I'm probably just missing something obvious, but I haven't found a way to match a regular expression against only part of a string, in particular only past a certain point of a string, as a way of finding successive matches. Of course, one could do a match against a string, take the substring past that match and do a match against the substring, and so on, to find all of the matches for the string, but that could be very expensive for very large strings.
I'm aware of the String.scan method, but that doesn't work for me because it doesn't return MatchData instances.
What I want is just something like regexp.match(string, n), where the regexp starts looking for a match at or after position n in the string.

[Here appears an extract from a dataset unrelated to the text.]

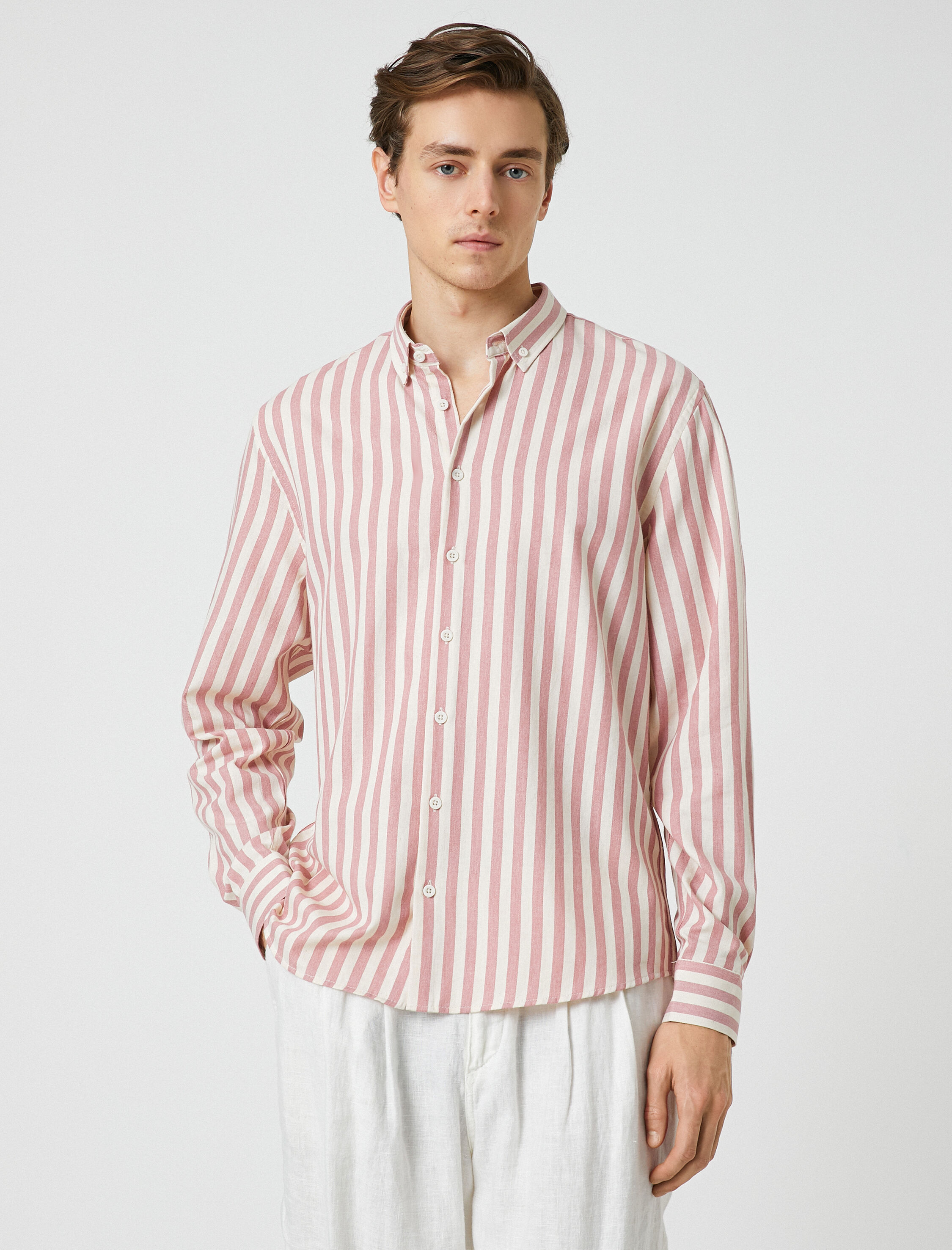   Spor Gömlek Uzun Kollu Klasik Yaka Slim Fit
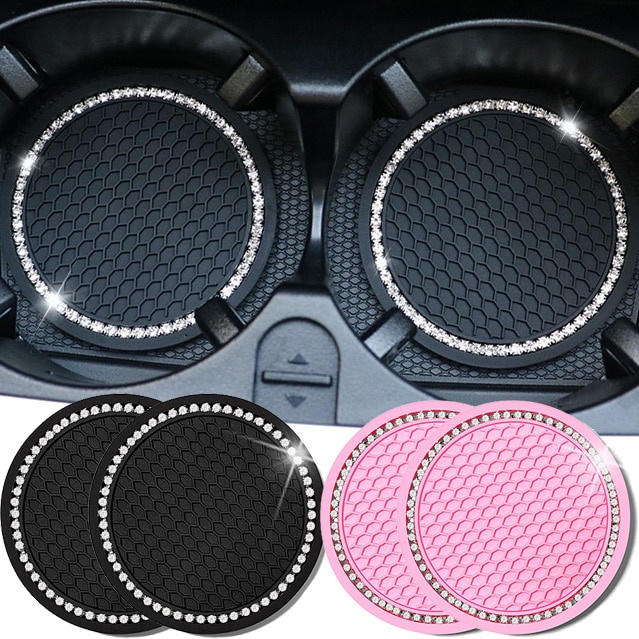 Set2 đế lót cốc 7cm đính đá kim cương giả chống trượt trang trí nội thất xe hơi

I don't know of anything obvious, but I would probably do something a
little more like:
class String
def match_each(exp)
str = self
while md = str.match(exp)
yield md
str = md.post_match
end
end
end
foo = "foo bar foo bar foo"
foo.match_each /[oa][or]/ do |md|
puts "Found: #{md}"
end
# pth
···
On 6/2/07, Kenneth McDonald <kenneth.m.mcdonald@sbcglobal.net> wrote:
I'm probably just missing something obvious, but I haven't found a way
to match a regular expression against only part of a string, in
particular only past a certain point of a string, as a way of finding
successive matches. Of course, one could do a match against a string,
take the substring past that match and do a match against the substring,
and so on, to find all of the matches for the string, but that could be
very expensive for very large strings.
I'm aware of the String.scan method, but that doesn't work for me
because it doesn't return MatchData instances.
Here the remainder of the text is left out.